ECLI:NL:CRVB:2011:BQ1127
Centrale Raad van Beroep
- Hoger beroep
- A.B.J. van der Ham
- W.F. Claessens
- Th.C. van Sloten
- Rechtspraak.nl
Beoordeling van procesbelang in hoger beroep inzake bijstandsverlening en proceskosten
In deze zaak gaat het om een hoger beroep van appellante tegen een uitspraak van de rechtbank Amsterdam, waarin het beroep tegen een besluit van het College van burgemeester en wethouders van de gemeente Amsterdam niet-ontvankelijk werd verklaard. De rechtbank oordeelde dat appellante geen procesbelang meer had, omdat de slotbalans inmiddels was ingeleverd en het College impliciet uitstel van betaling had verleend. Appellante stelde in hoger beroep dat zij wel degelijk schade had geleden, met name in de vorm van proceskosten.

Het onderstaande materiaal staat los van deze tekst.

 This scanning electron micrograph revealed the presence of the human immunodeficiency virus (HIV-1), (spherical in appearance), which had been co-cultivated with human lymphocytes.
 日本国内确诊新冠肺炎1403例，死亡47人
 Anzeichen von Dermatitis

De Centrale Raad van Beroep bevestigde de uitspraak van de rechtbank. De Raad oordeelde dat het belang bij de beoordeling van de aangevallen uitspraak niet kon zijn gelegen in de mogelijkheid tot het verkrijgen van een veroordeling in de gemaakte proceskosten. De bevoegdheid van de administratieve rechter tot proceskostenveroordeling is niet beperkt tot gevallen waarin het beroep gegrond wordt verklaard. De Raad merkte op dat een belang bij gegrondverklaring van het beroep wel aanwezig kan zijn indien om toepassing van artikel 8:73 van de Algemene wet bestuursrecht (Awb) is gevraagd, maar appellante had een dergelijk verzoek niet gedaan.

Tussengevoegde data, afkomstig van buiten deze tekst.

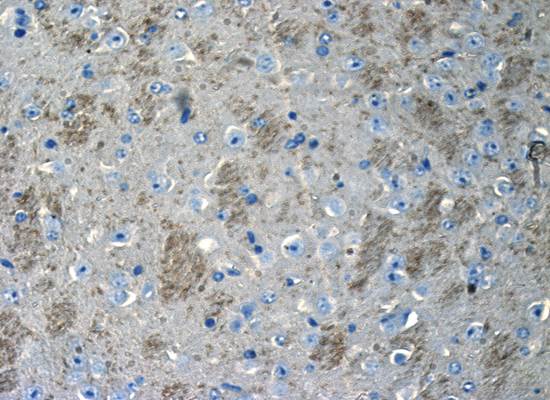 CD133 antibody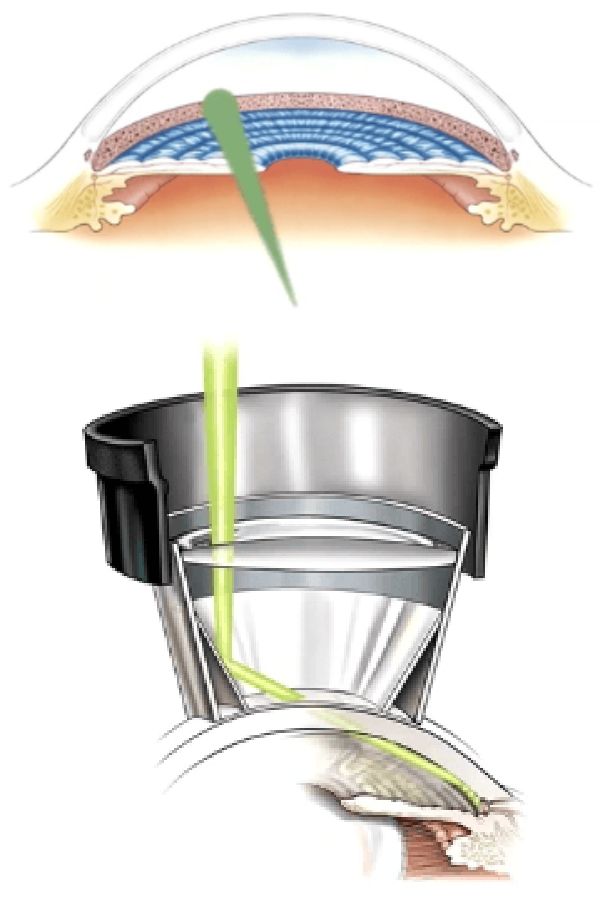 SLT（隅角光凝固術）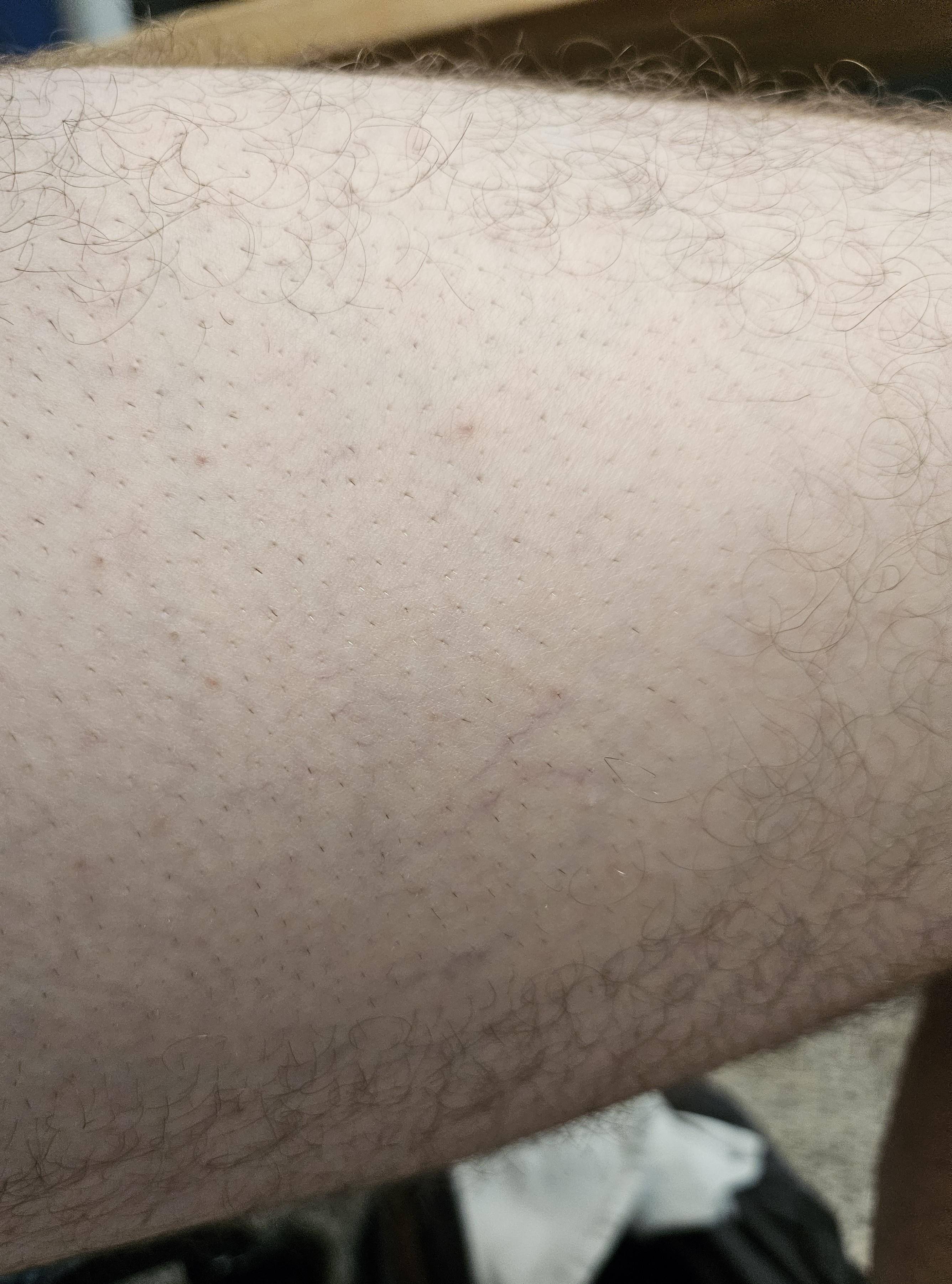 I did the Skin Test on the side of my thigh as it would be the least inconvenient part of my body if it was to be burned.  Luckily, it was not an issue, though I could barely tell immediately after the test if there were any results., click to load a larger version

De Raad concludeerde dat appellante geen procesbelang meer had bij de beoordeling van het besluit van 6 november 2007 en dat er geen aanleiding was voor een veroordeling in de proceskosten. De uitspraak werd openbaar gedaan op 12 april 2011, waarbij de Centrale Raad van Beroep de aangevallen uitspraak bevestigde.